Fotoğraf: ŞAHİN KAYGUN

Hayatta kimi şeyler hiç ama hiç değişmiyor. Örneğin kimi politikacıların maceraları… “Kimi politikacıların maceraları” dediğim anda karşı karşıya geldiğimiz özellikleri bir sıralasam, dünden bugüne neler değişmediğini anında göreceksiniz. Bu sıralamanın yol açtığı ve damağımızda bıraktığı acı tadı daha sonraya bırakıp, bunu bana yeniden düşündüren, bana sunan, çizgilerin ustası Turhan Selçuk’a odaklanmalıyım…

Desen Yayınları, Turhan Selçuk’un nasıl da zaman ötesi bir usta olduğunu göstermek ve genç kuşaklara tanıtmak için üç kitaplık bir Turhan Selçuk Seçkisi tasarladı. Seçkinin ilk kitabı Siyasetin Göbeği, geçen hafta yayınlandı. Siyasetin Göbeği’ni, Manzara-i Umumiye ve İnsan Denen Garip Hayvan izleyecek.

YAŞAMINI ÇİZGİYE VE İNSANA ADADI

Söz konusu Turhan Selçuk olduğunda benim aklıma ve yüreğime ilk düşen cümleler şunlar: Çizgiye adanmış, insan haklarına, insan onuruna adanmış tüm bir yaşam... O çizgilerde sonsuz bir derinlik, düşünceye, emeğe, çalışmaya verilen önem… O çizgilerde sömürüye, eşitsizliğe, yalana, talana, şiddete, kaba kuvvete, hoyratlığa karşı duruş ve direniş…
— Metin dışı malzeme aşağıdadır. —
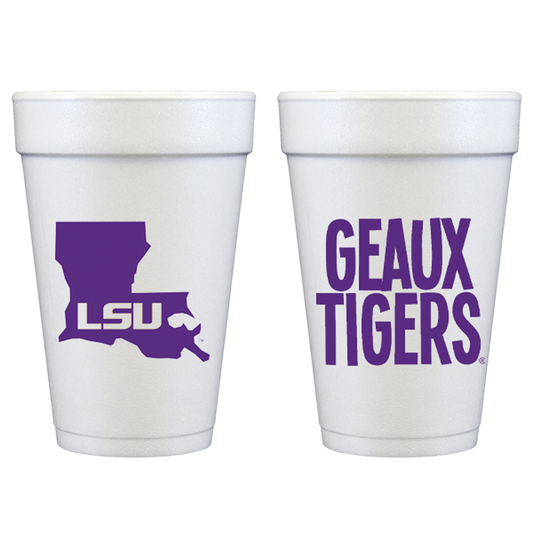 Foam Cup - LSU Louisiana State /Geaux Tigers (10 ct bag)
“Karikatür” sözcüğünden çok daha geniş alanlara ve anlamlara uzanan bir çizgi sanatı: Doğunun mistik çizgileriyle, Batının düşünce biçimlerini harmanlayan bir biçem...

Gözlem ve düşünceye dayanan, ayrıntıların, çeşitliliğin zenginliğini, en ekonomik biçimde, en yalın, en açık seçik iletme tutkusu... Gözlemleri tartışmaya, tartışmayı eleştiriye, eleştiriyi dirence, direnci başkaldırıya dönüştüren bir tutum... İnsana ilişkin her konuda sınırsız bir özgürlük…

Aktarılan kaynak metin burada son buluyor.